La mano di Conte su ministeri e deleghe chiave

“Schiodato” Savona dagli Affari europei, ora c’è il via libera per la Consob, authority indipendente che non è a gestione statale. Il dossier sull’Europa che passa sulla scrivania dell’avvocato e quello dei Servizi

Il coup de théâtre si concretizzerà con l’ufficializzazione definitiva (dopo l’ok di oggi del Consiglio dei ministri) del passaggio del ministro agli Affari europei Paolo Savona alla Consob, la Commissione nazionale per le società e la Borsa. Organismo di vigilanza che, com’è noto, non è alle dipendenze dello Stato, ma gode di autonomia decisionale. Passaggio che potrebbe rivelarsi strategico, ma che nei fatti allontanerà Savona dalle logiche governative.


Aspetto che, dopo la nomina sofferta, non è assolutamente da sottovalutare. Con il “piano” Consob sembra chiudersi infatti la parabola politica dell’economista che avrebbe dovuto traghettare il Paese verso acque più sicure – lontane dall’euro – ma che a conti fatti non ha avuto modo di esprimere all’interno dell’esecutivo gialloverde la propria caratura politica. E qui, questo è sicuro, di strategia ce n’è tanta.



Messo a segno il “contentino” verso il sentire popolare con una nomina che non ha sortito effetti, il ministero degli Affari europei passa ora al Premier Conte, che già aveva tenuto per sé la delega cruciale ai Servizi segreti. Per quanto riguarda quest’ultima, i ripetuti annunci estivi sulle nomine sono sempre rimasti lettera morta e Conte rimane, nei fatti, l’unico ad avere sulla scrivania dei dossier scottanti. Altri, gli arriveranno proprio dal dicastero di Savona.

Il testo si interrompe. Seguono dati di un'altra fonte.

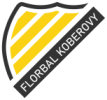 TJ Sokol Koberovy - Vosy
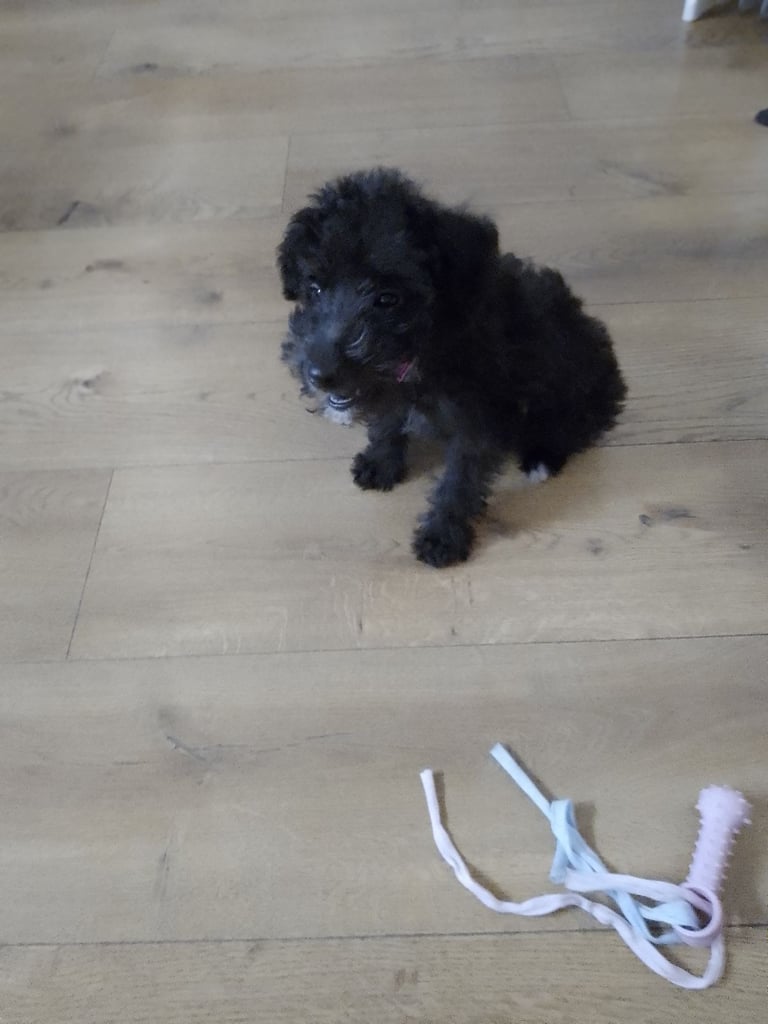 Shihpoo female puppy for sale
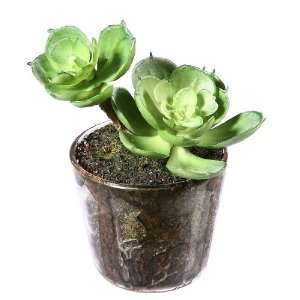   Mini Potted Artificial Succulent Plant In Glass Pot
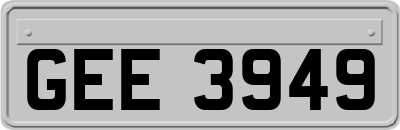 GEE3949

Conte, lo si legge nei rapporti entusiastici con Merkel, Junker e Moscovici e nella chiusura dimostrata verso i governi critici con l’Europa, intende avviare una stagione di “protagonismo”. Al centro c’è la “Nuova Europa“, organismo di stampo mondialista in cui l’avvocato si sente a proprio agio, almeno quanto Matteo Salvini. E in questo c’è più vicinanza con il titolare del Viminale di quanto ce ne sia con Luigi Di Maio. Protagonismo, forse, più suo che del Paese, viste le imposizioni che giungono da Bruxelles che Conte ha sempre dimostrato di voler raccogliere.